(Short web captions)

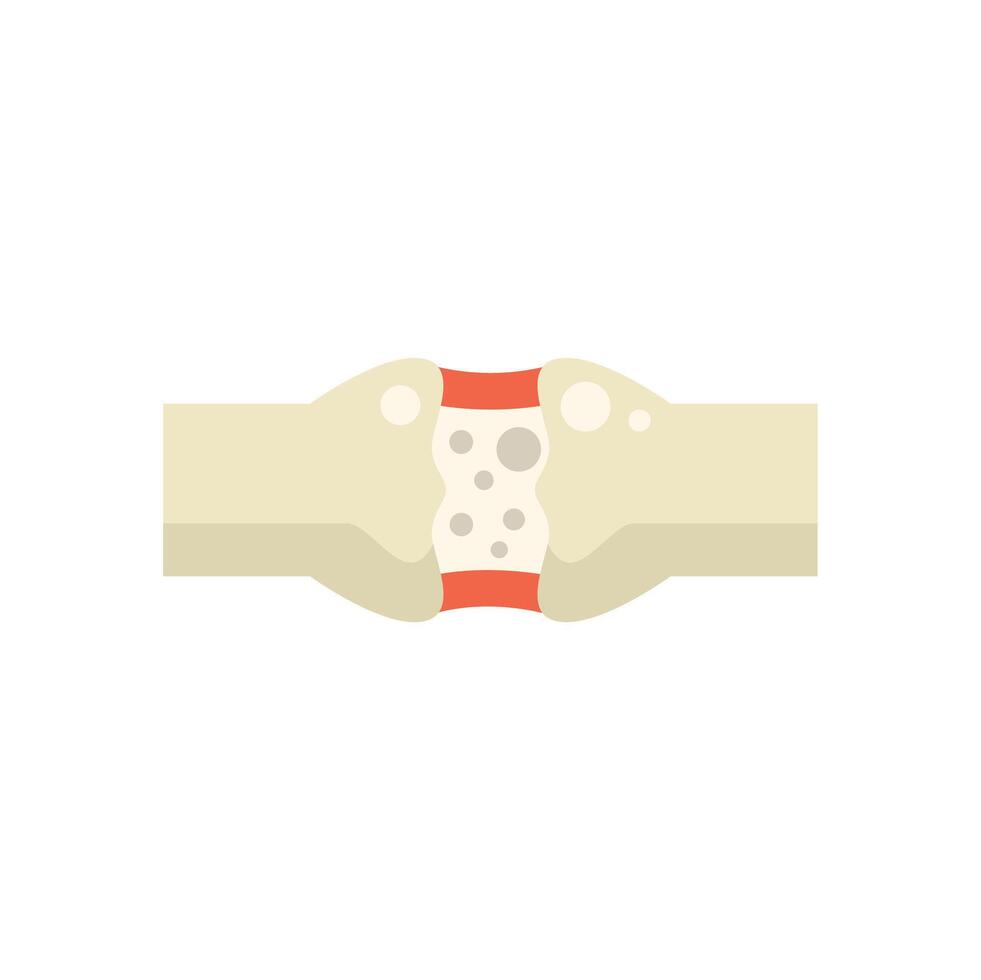 Human joint showing osteoporosis affecting bones vector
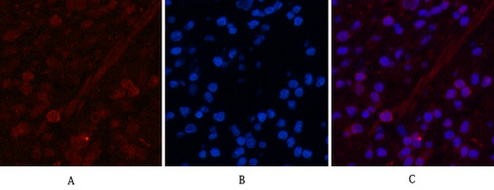 Peroxiredoxin 1 Mouse Monoclonal Antibody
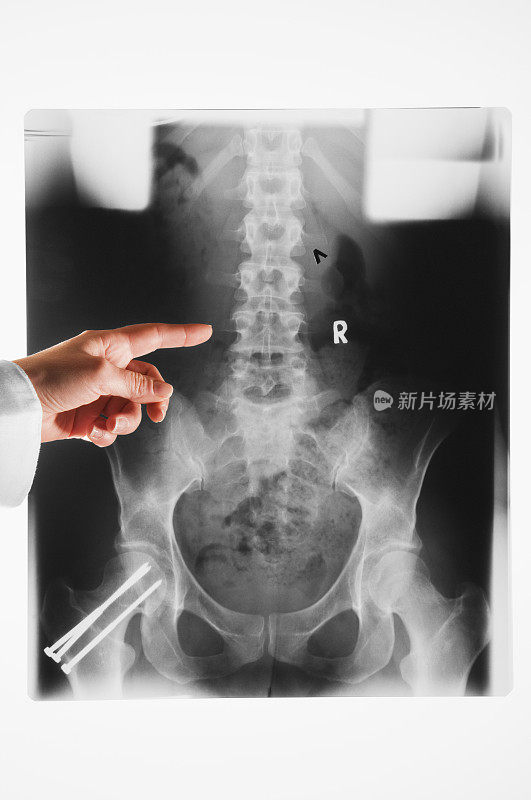 医生用手指骨盆和脊柱的x光片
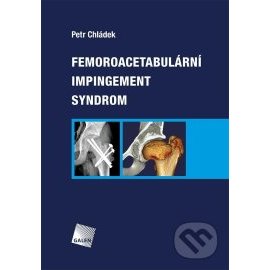 Femoroacetabulární impingement syndrom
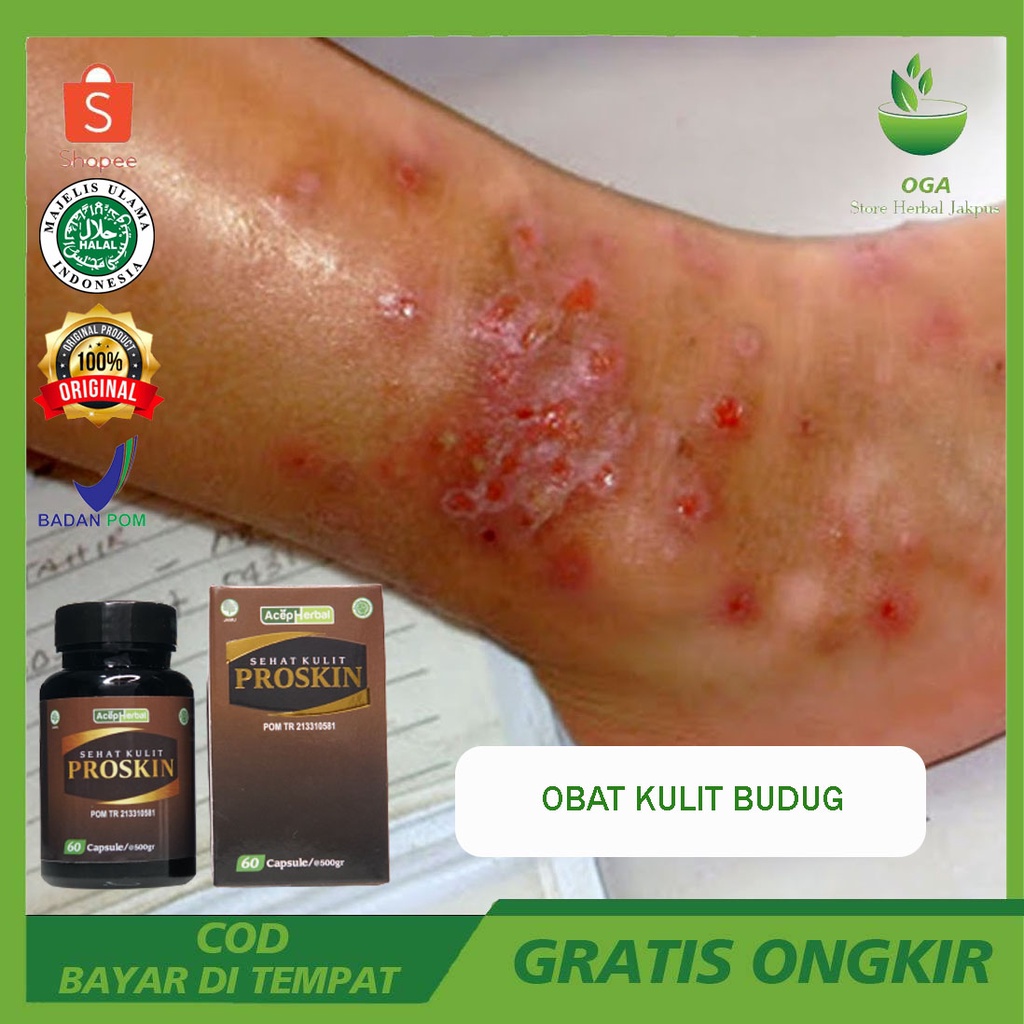Obat Gatal Kulit Budug | Obat Gatal Kulit Bruntusan | Obat Gatal Kulit Cenang | Obat Gatal Kulit Cac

Problem to work on: Write the entries out again exactly as they appear, with the pictures omitted.

Reply to the exercise:
 Human joint showing osteoporosis affecting bones vector
 Peroxiredoxin 1 Mouse Monoclonal Antibody
 医生用手指骨盆和脊柱的x光片
 Femoroacetabulární impingement syndrom
Obat Gatal Kulit Budug | Obat Gatal Kulit Bruntusan | Obat Gatal Kulit Cenang | Obat Gatal Kulit Cac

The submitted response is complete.